(Study material begins)
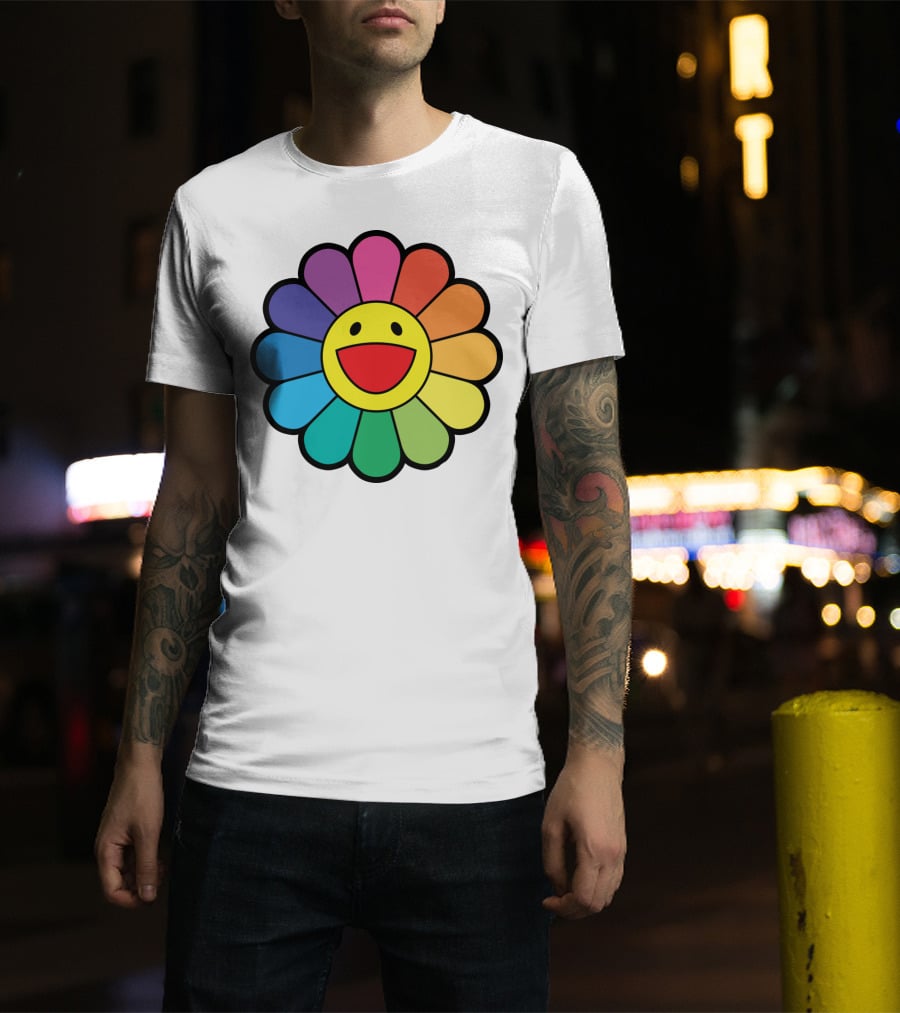Takashi Murakami Smiling Flower Rainbow Colors T-Shirt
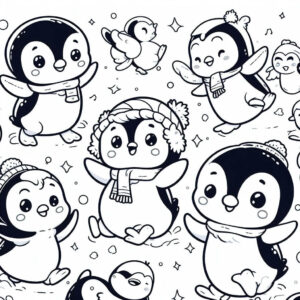 several cute penguins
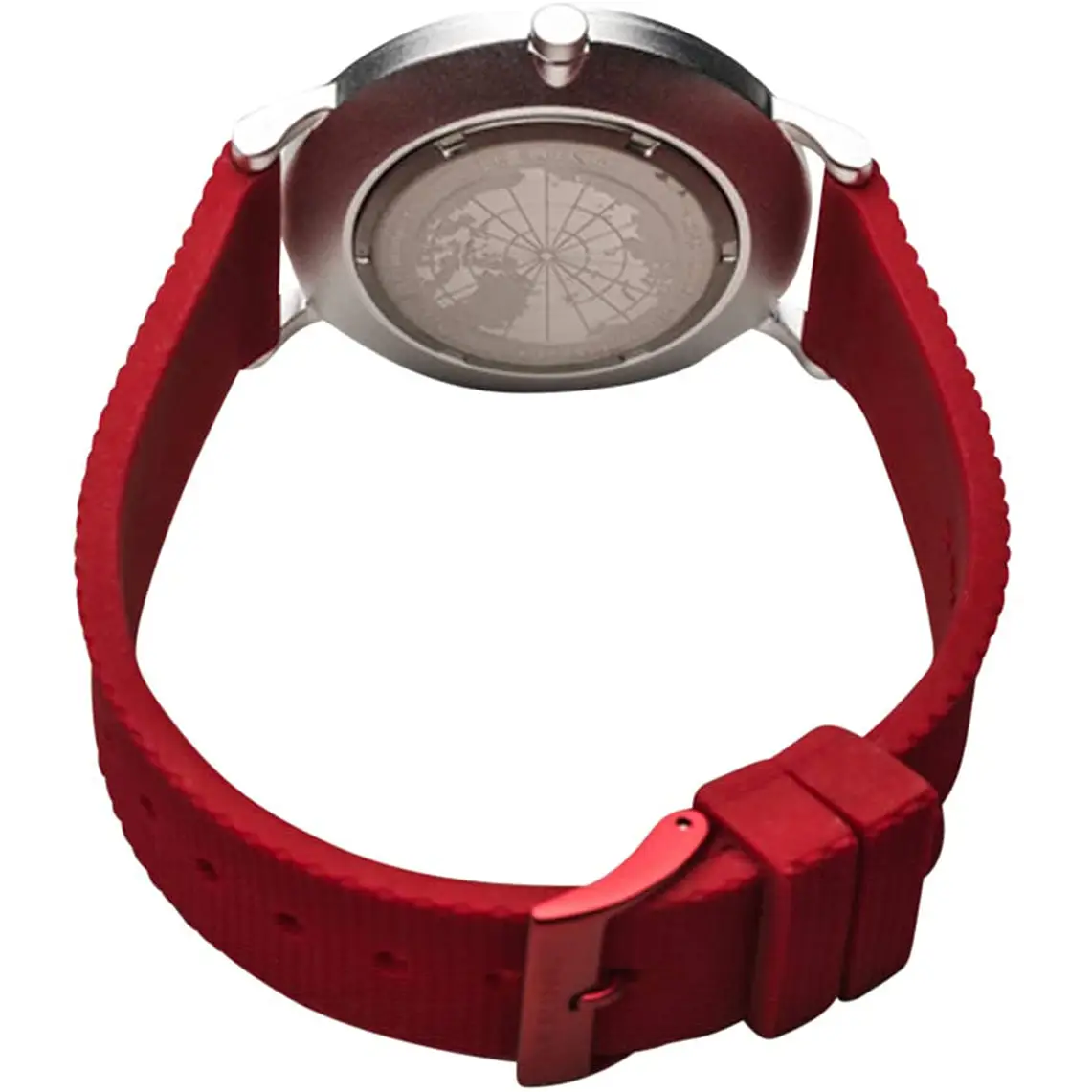 Bering Women’s Aurora Quartz Aluminum/Red Silicone Watch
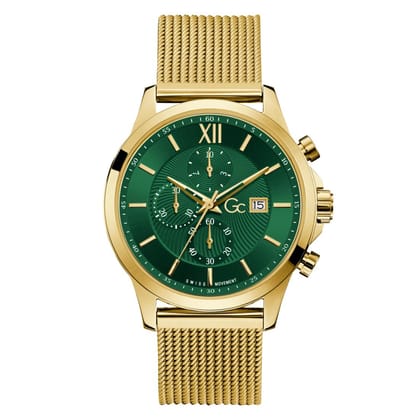 GC Men 44 mm Size Green Dial Quartz Chronograph Watch - Y27013G9MF-Green
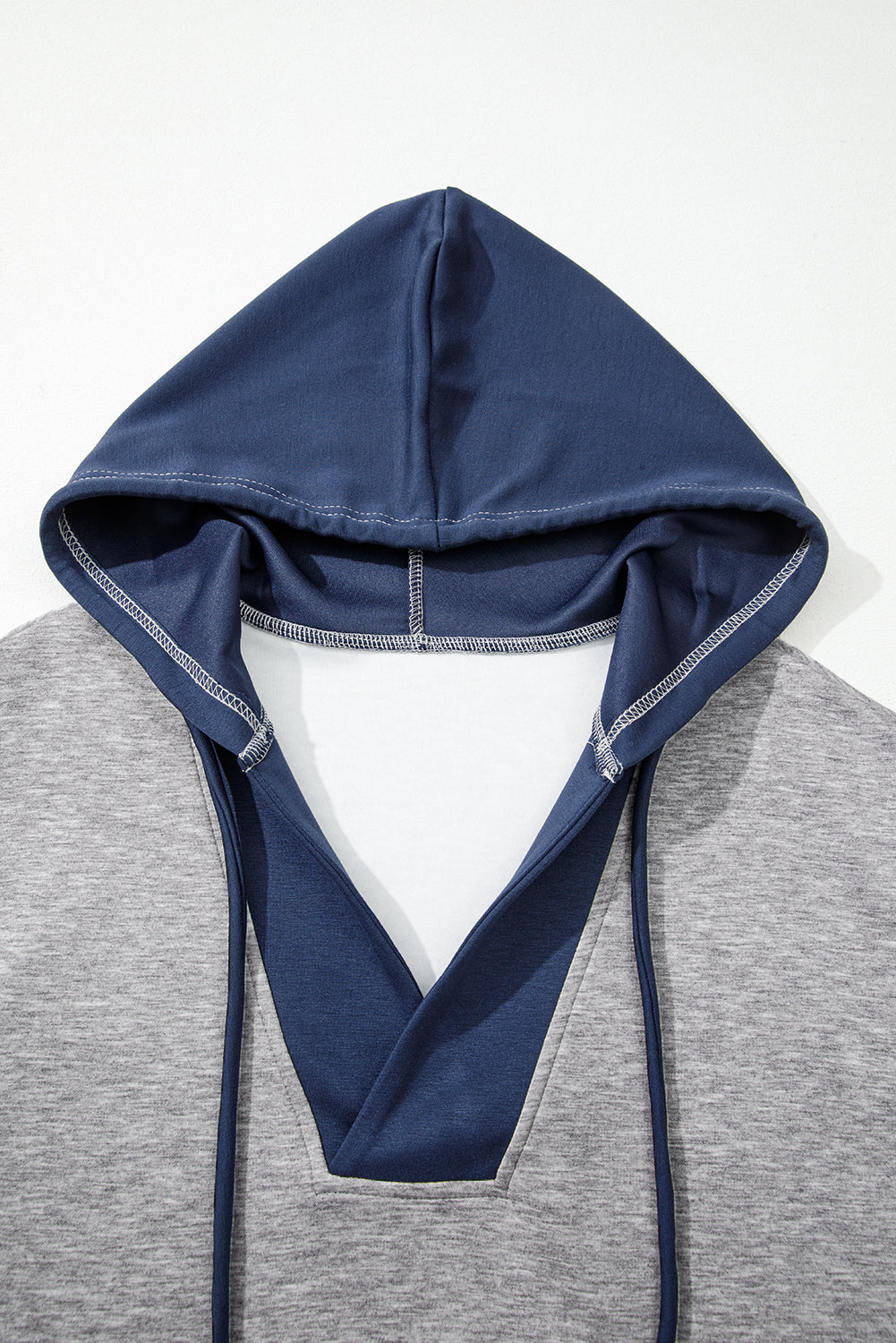 Light Grey Color Block Patchwork V Neck Drawstring Hoodie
(Study material ends)
Transcribe the entries above word for word, but leave every picture out of your copy.

Takashi Murakami Smiling Flower Rainbow Colors T-Shirt
 several cute penguins
 Bering Women’s Aurora Quartz Aluminum/Red Silicone Watch
 GC Men 44 mm Size Green Dial Quartz Chronograph Watch - Y27013G9MF-Green
 Light Grey Color Block Patchwork V Neck Drawstring Hoodie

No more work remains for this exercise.